§ **Source data**
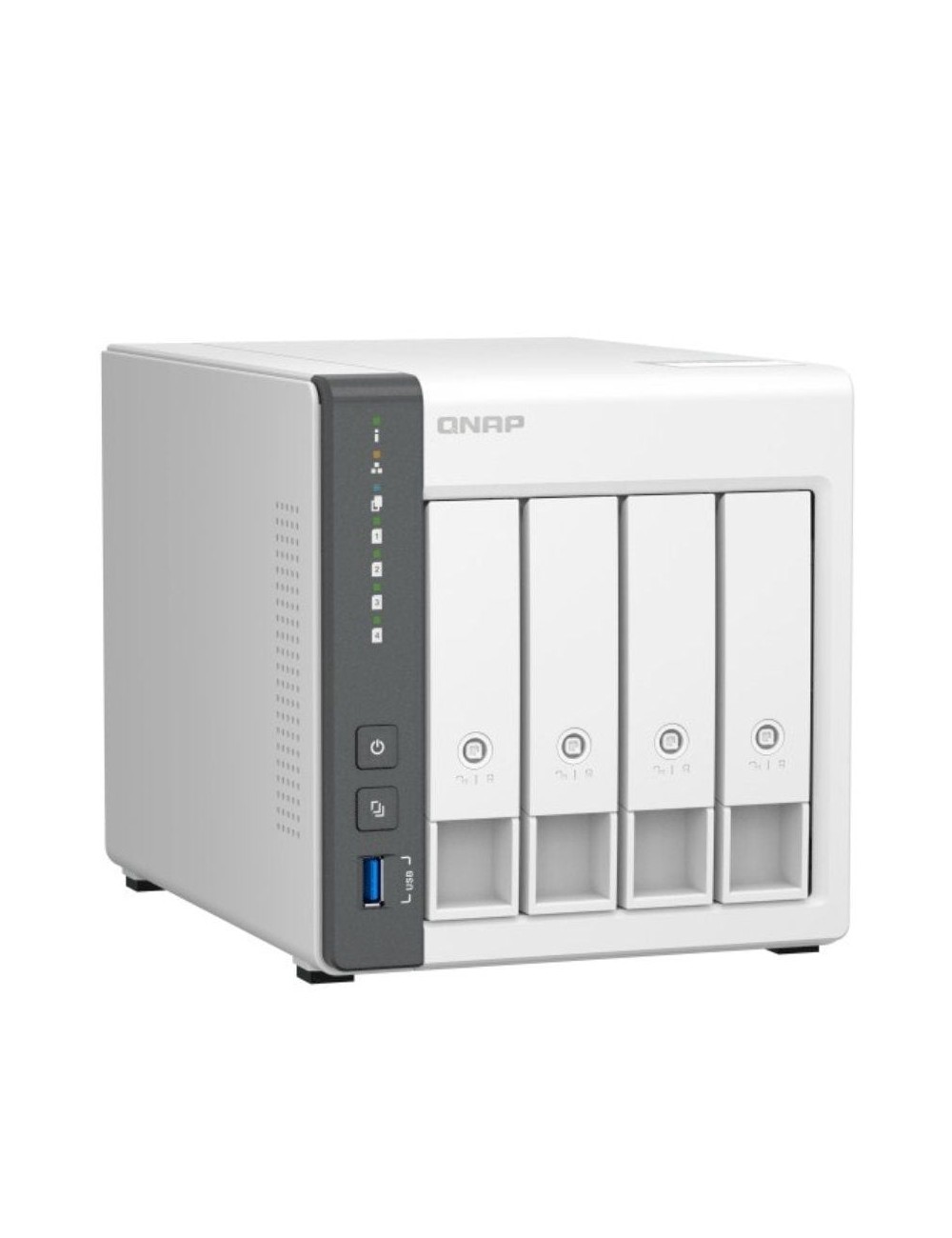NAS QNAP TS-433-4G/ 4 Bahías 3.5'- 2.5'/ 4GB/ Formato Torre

==

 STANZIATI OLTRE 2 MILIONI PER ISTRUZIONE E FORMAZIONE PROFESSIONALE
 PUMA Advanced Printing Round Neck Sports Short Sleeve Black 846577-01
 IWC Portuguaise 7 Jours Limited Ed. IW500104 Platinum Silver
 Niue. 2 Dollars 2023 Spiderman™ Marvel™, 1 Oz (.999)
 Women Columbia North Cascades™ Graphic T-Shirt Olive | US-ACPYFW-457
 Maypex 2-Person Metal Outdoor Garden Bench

§ **Problem to work on**
Could you restate word for word the lines above from the one containing "STANZIATI OLTRE 2" through the one containing "Maypex 2-Person Metal Outdoor Garden Bench", both included, and nothing else?

§ **Result of this exercise**
 STANZIATI OLTRE 2 MILIONI PER ISTRUZIONE E FORMAZIONE PROFESSIONALE
 PUMA Advanced Printing Round Neck Sports Short Sleeve Black 846577-01
 IWC Portuguaise 7 Jours Limited Ed. IW500104 Platinum Silver
 Niue. 2 Dollars 2023 Spiderman™ Marvel™, 1 Oz (.999)
 Women Columbia North Cascades™ Graphic T-Shirt Olive | US-ACPYFW-457
 Maypex 2-Person Metal Outdoor Garden Bench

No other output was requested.